### What the task requires:
Your task is to copy the data exactly while leaving out every picture.

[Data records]
= = = = =

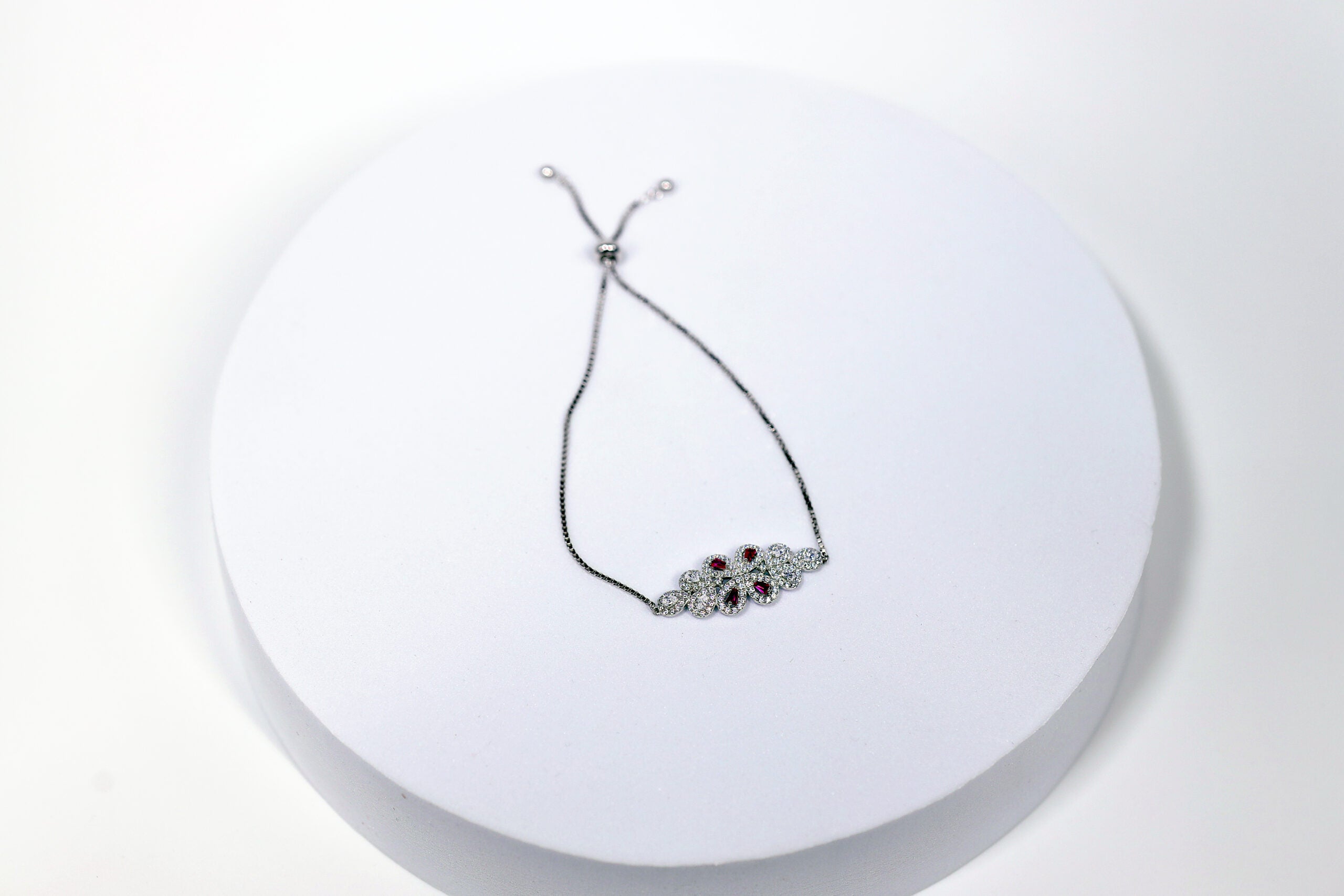 Rosette Pink Crystal Blossom Silver & Stone Bracelet for womens – Pure 925 Silver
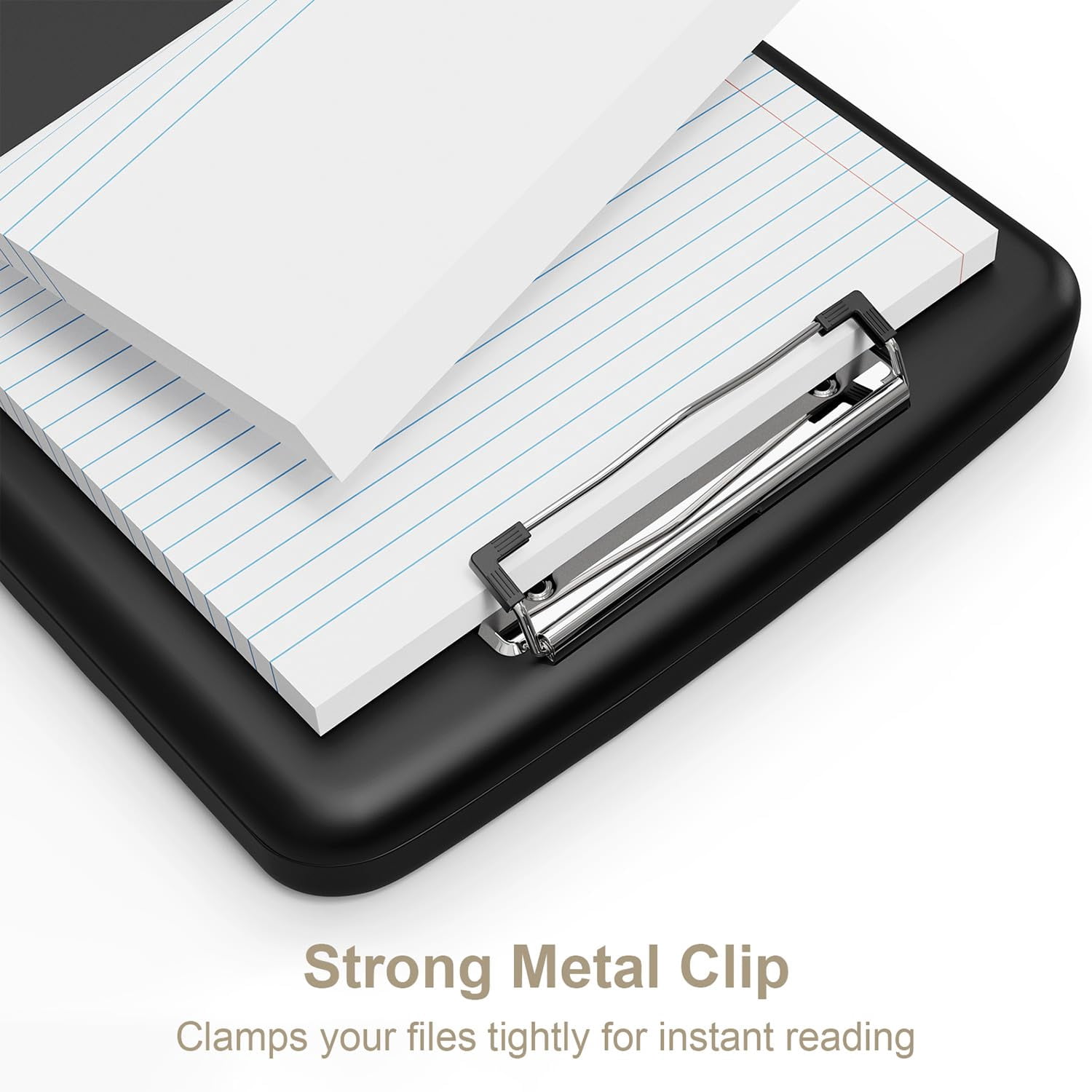 Clipboard with Storage, 8.5 x 11 Organization Box with Pen Holder and A4 Legal Paper Folder, Folio & Side-Opening, Low Profile Clip,for Nurses,Teachers, Size 14 x 9.6 x 1.2 in
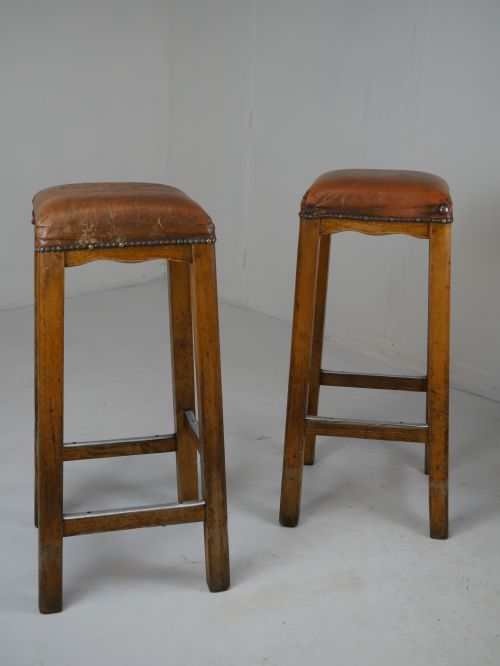 Pair Tall Industrial Bar Stool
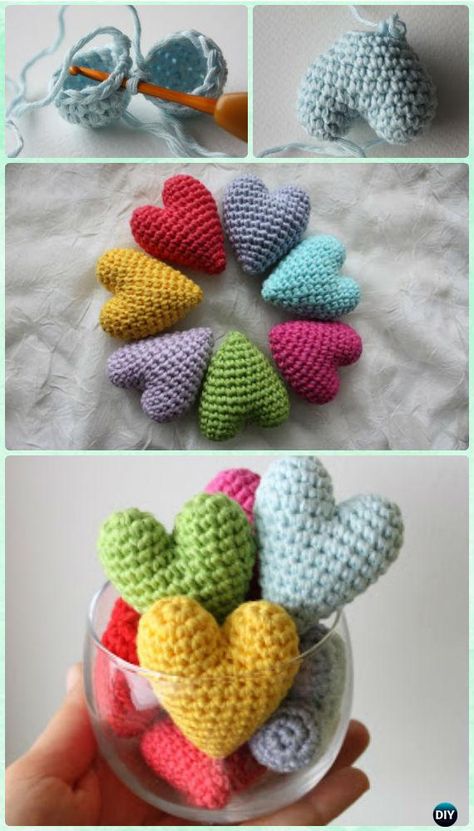 Crochet Heart Amigurumi, Holiday Amigurumi, Cardigan Til Baby, Heart Amigurumi, Crocheted Hearts, Beau Crochet, Crochet Heart Pattern, Confection Au Crochet, Pola Amigurumi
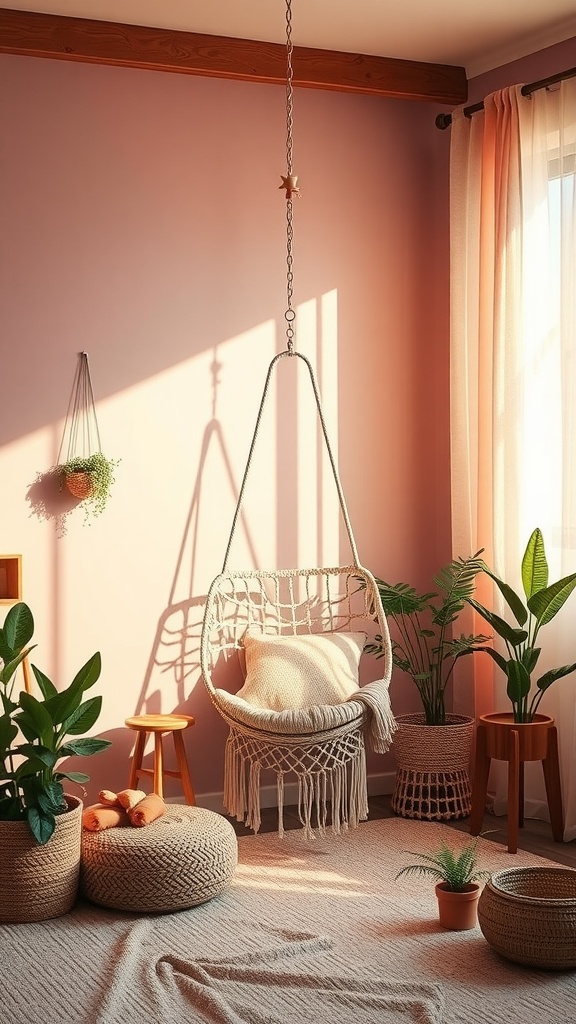 Cozy Pink Boho Style Bedroom with macramé chair and plants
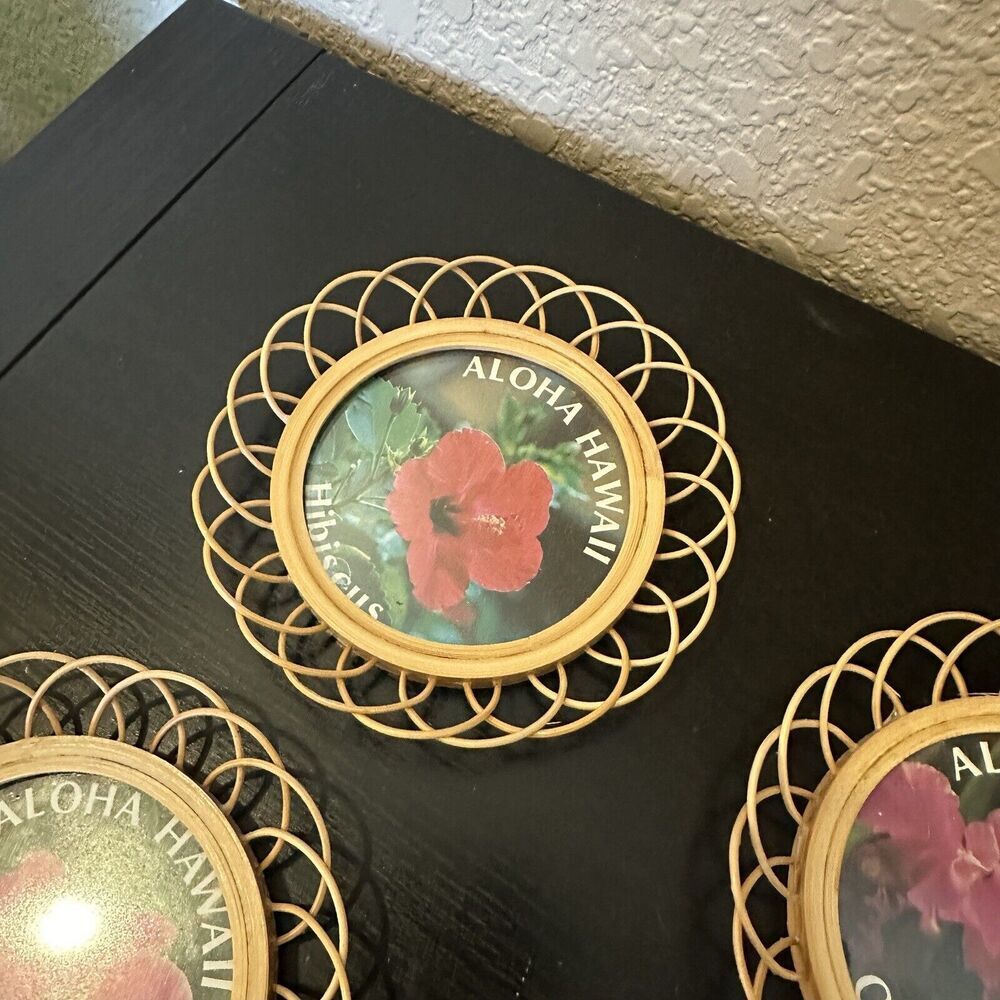 Vintage Wicker Framed Flower Coasters Souvenir Hawaii Hibiscus Orchid Bird Of - Picture 4 of 7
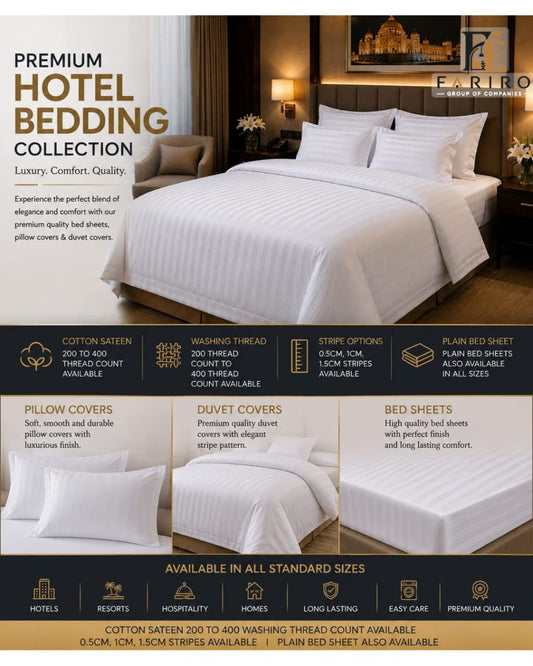 Luxury White Hotel Bed Linen & Sateen Stripe Bedding
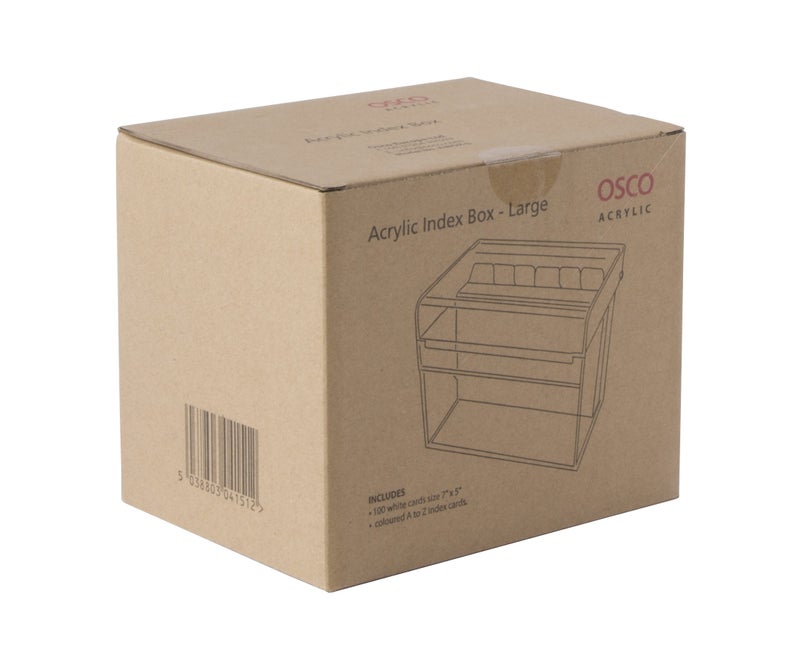 OSCO Clear Acrylic Index Box, Large, A to Z Divider Tabs, 100 Lined Note Cards, 7" x 5", Ruled Revision Flash Cards, Recipe Notes, Office Contact Filing, Desktop Organiser, 177 x 127 mm - Image 4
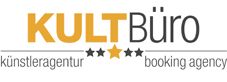 Logo von KULTBüro mit drei Sternen, Schriftzug "künstleragentur" und "booking agency".
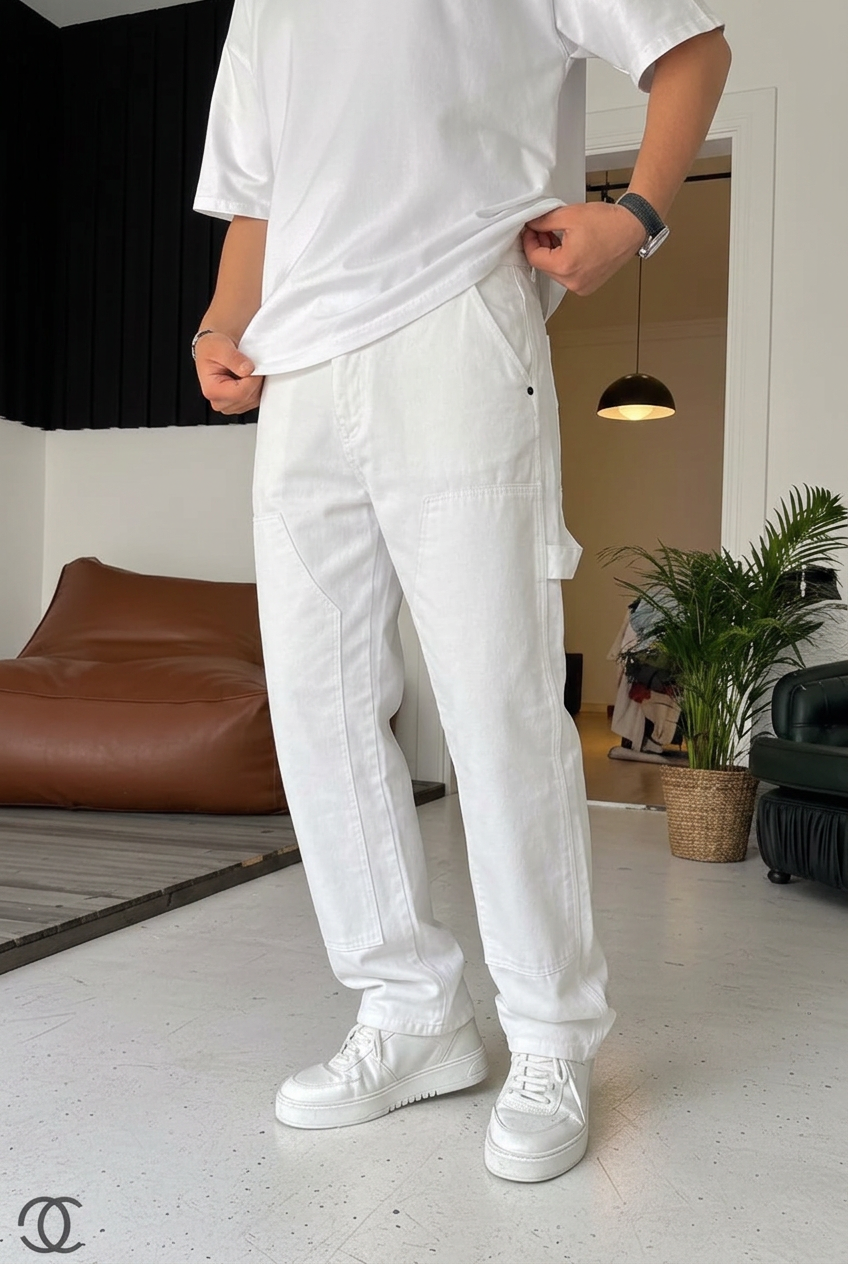 Baggy Urban Jeans – White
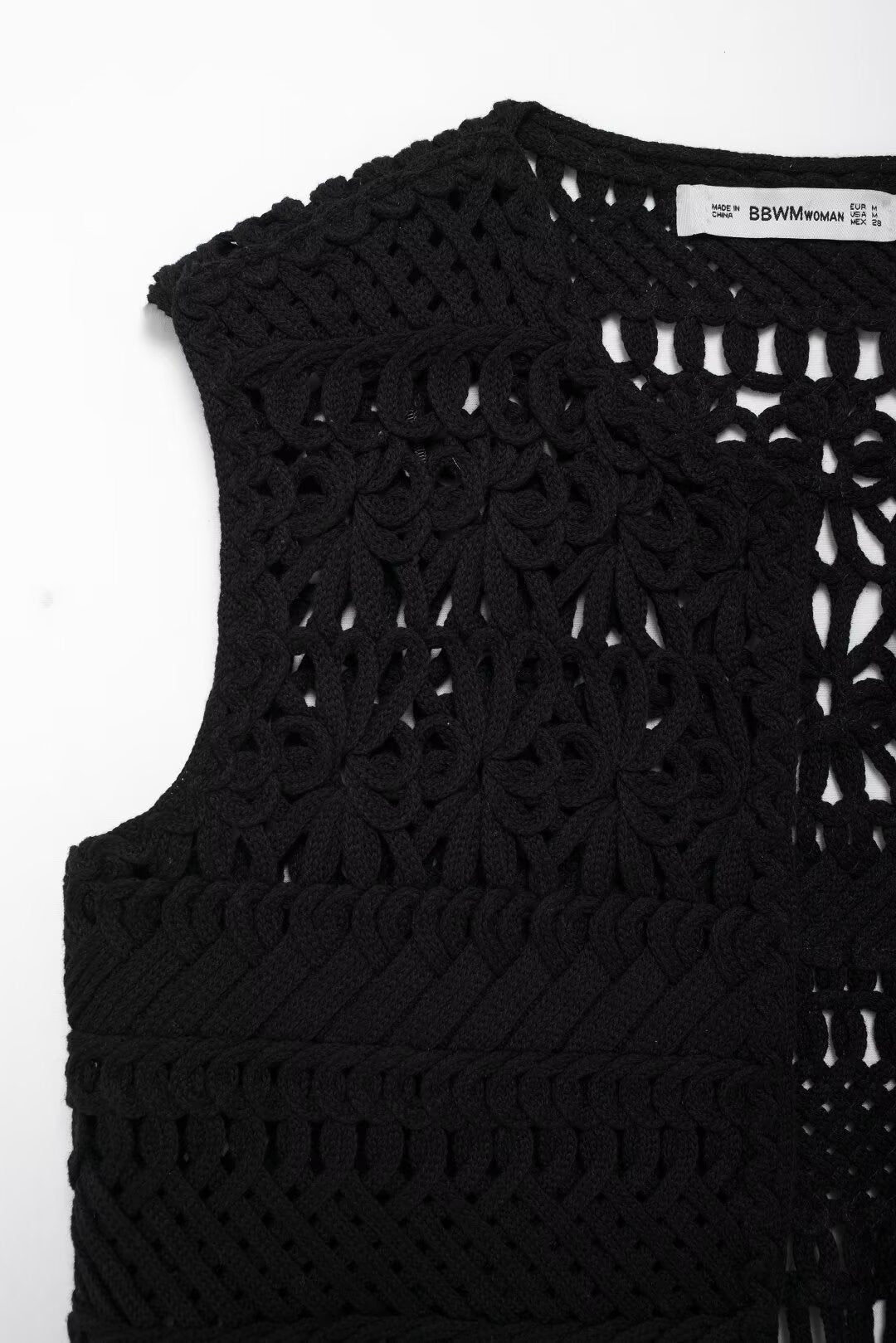 Veste courte en dentelle à pompons tricotés noirs ajourés pour femme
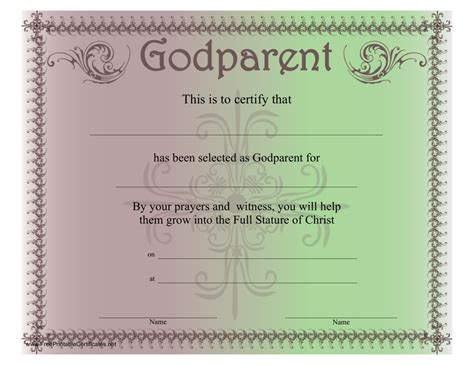 Godparent Certificate Template Brown And Green Download Printable Pdf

= = = = =

### Exercise solution:
 Rosette Pink Crystal Blossom Silver & Stone Bracelet for womens – Pure 925 Silver
 Clipboard with Storage, 8.5 x 11 Organization Box with Pen Holder and A4 Legal Paper Folder, Folio & Side-Opening, Low Profile Clip,for Nurses,Teachers, Size 14 x 9.6 x 1.2 in
 Pair Tall Industrial Bar Stool
 Crochet Heart Amigurumi, Holiday Amigurumi, Cardigan Til Baby, Heart Amigurumi, Crocheted Hearts, Beau Crochet, Crochet Heart Pattern, Confection Au Crochet, Pola Amigurumi
 Cozy Pink Boho Style Bedroom with macramé chair and plants
 Vintage Wicker Framed Flower Coasters Souvenir Hawaii Hibiscus Orchid Bird Of - Picture 4 of 7
 Luxury White Hotel Bed Linen & Sateen Stripe Bedding
 OSCO Clear Acrylic Index Box, Large, A to Z Divider Tabs, 100 Lined Note Cards, 7" x 5", Ruled Revision Flash Cards, Recipe Notes, Office Contact Filing, Desktop Organiser, 177 x 127 mm - Image 4
 Logo von KULTBüro mit drei Sternen, Schriftzug "künstleragentur" und "booking agency".
 Baggy Urban Jeans – White
 Veste courte en dentelle à pompons tricotés noirs ajourés pour femme
 Godparent Certificate Template Brown And Green Download Printable Pdf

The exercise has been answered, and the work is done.